| WORK ORDER |
Exactly the lines from the first line of the records to the line holding "The system logs" should be duplicated, and nothing more; pictures stay out.

| DATASET EXTRACT |

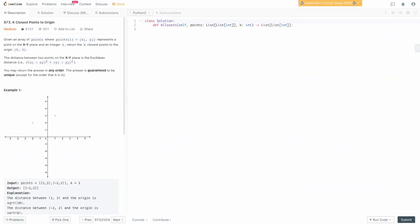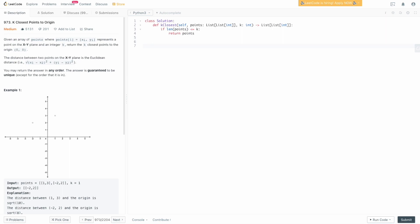Okay, we're in the code editor and it's time to write the code. The first thing to realize is that if the length of points is less than or equal to k, there's no work to do — we can just return points as-is, since the order doesn't matter.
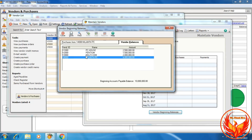We can see we have created four vendors and entered the four beginning balances for them. The total beginning balances for accounts payable is 10 million. This 10 million was entered in the chart of accounts when we created the chart of accounts and entered the beginning balances.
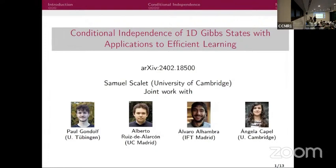Welcome back everyone. We have the second talk of this session. Samuel will be talking about conditional independence of 1D Gibbs states with applications to efficient learning. This is joint work with Paul, Alberto, Alvaro, and Angela.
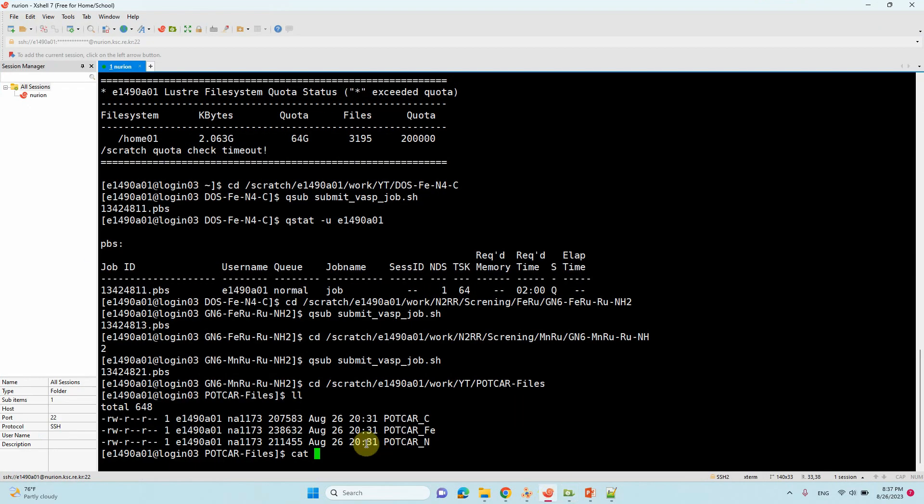So now you type cat. And first atom is carbon. Then you can type POTCAR carbon. Second one is POTCAR nitrogen. Third one is POTCAR iron, based on the POTCAR file.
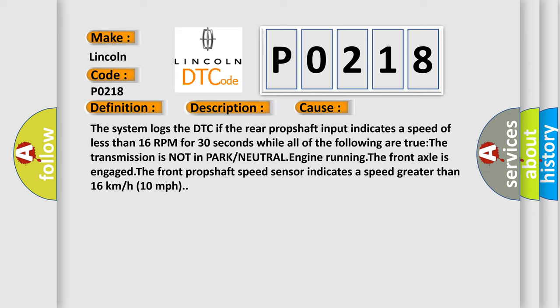The system logs the DTC if the rear prop shaft input indicates a speed of less than 16 RPM for 30 seconds while all of the following are true: the transmission is not in park or neutral, engine running, the front axle is engaged, and the front prop shaft speed sensor indicates a speed greater than 16 kilometers per hour or 10 miles per hour.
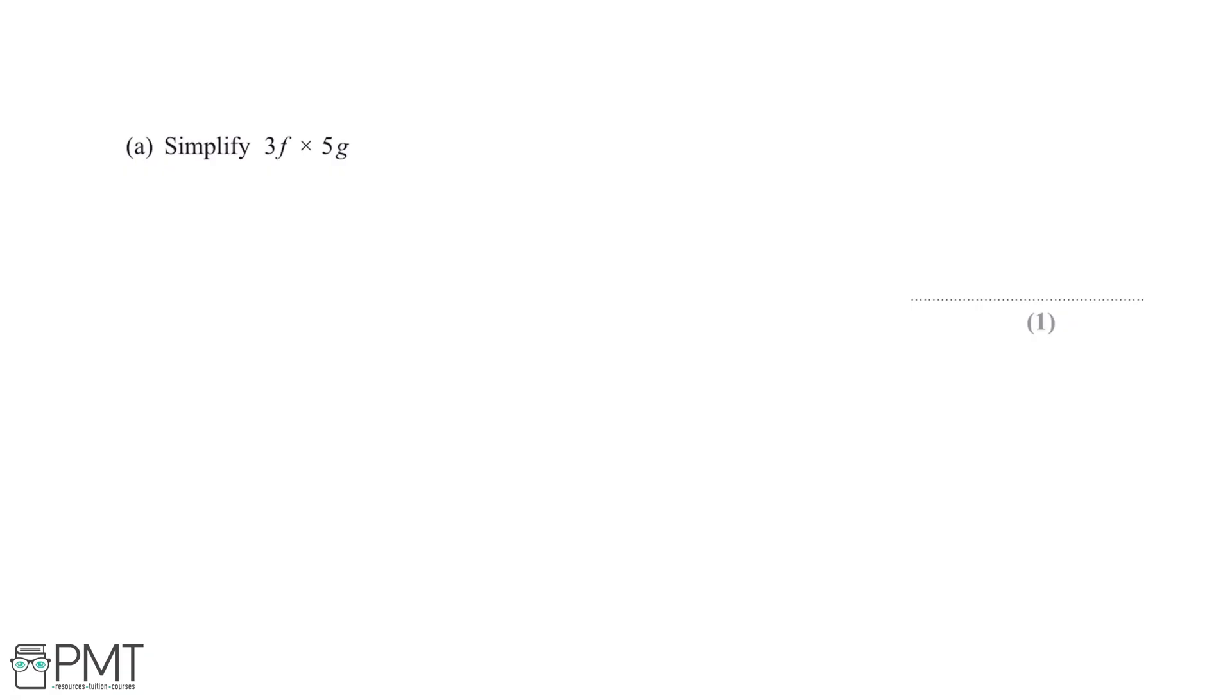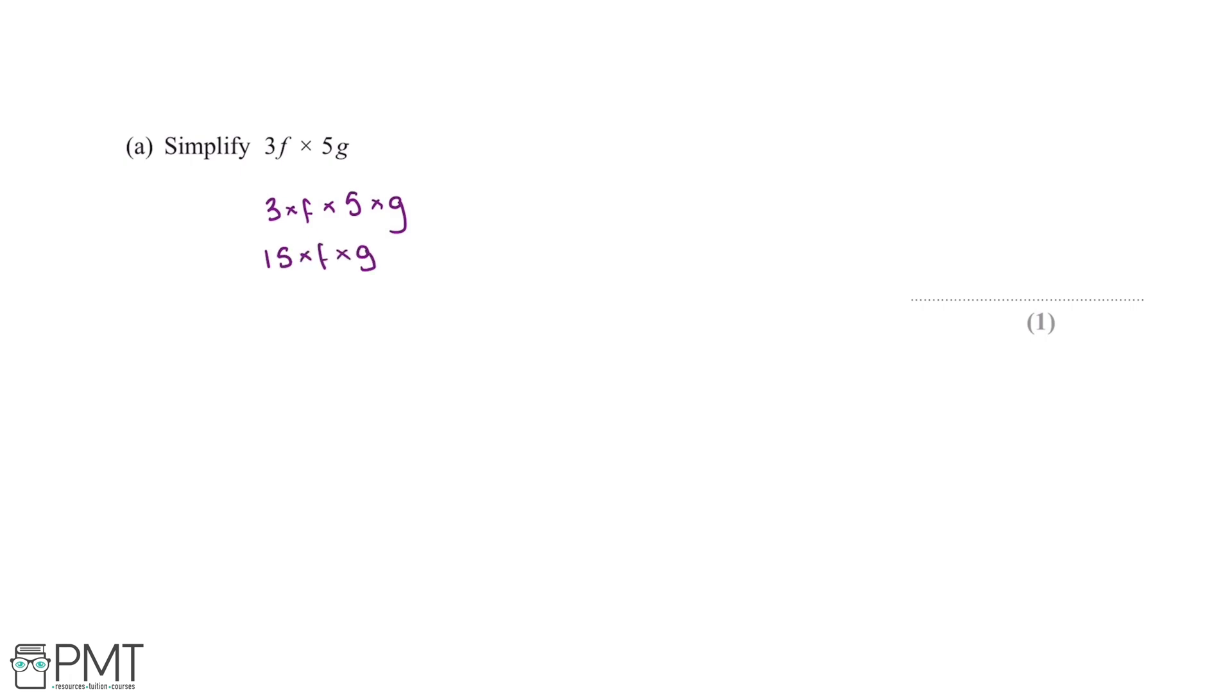Simplify 3f multiplied by 5g. So 3f multiplied by 5g is the same as writing 3 multiplied by f multiplied by 5 multiplied by g. Now what we can do is multiply together these numbers. So 3 multiplied by 5 gives us 15, and then multiplied by our f and then g. We can rewrite this as 15fg. And this question is worth one mark, and we get this for the answer.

| WRITTEN SOLUTION |
Okay, we're in the code editor and it's time to write the code. The first thing to realize is that if the length of points is less than or equal to k, there's no work to do — we can just return points as-is, since the order doesn't matter.
We can see we have created four vendors and entered the four beginning balances for them. The total beginning balances for accounts payable is 10 million. This 10 million was entered in the chart of accounts when we created the chart of accounts and entered the beginning balances.
Welcome back everyone. We have the second talk of this session. Samuel will be talking about conditional independence of 1D Gibbs states with applications to efficient learning. This is joint work with Paul, Alberto, Alvaro, and Angela.
So now you type cat. And first atom is carbon. Then you can type POTCAR carbon. Second one is POTCAR nitrogen. Third one is POTCAR iron, based on the POTCAR file.
The system logs the DTC if the rear prop shaft input indicates a speed of less than 16 RPM for 30 seconds while all of the following are true: the transmission is not in park or neutral, engine running, the front axle is engaged, and the front prop shaft speed sensor indicates a speed greater than 16 kilometers per hour or 10 miles per hour.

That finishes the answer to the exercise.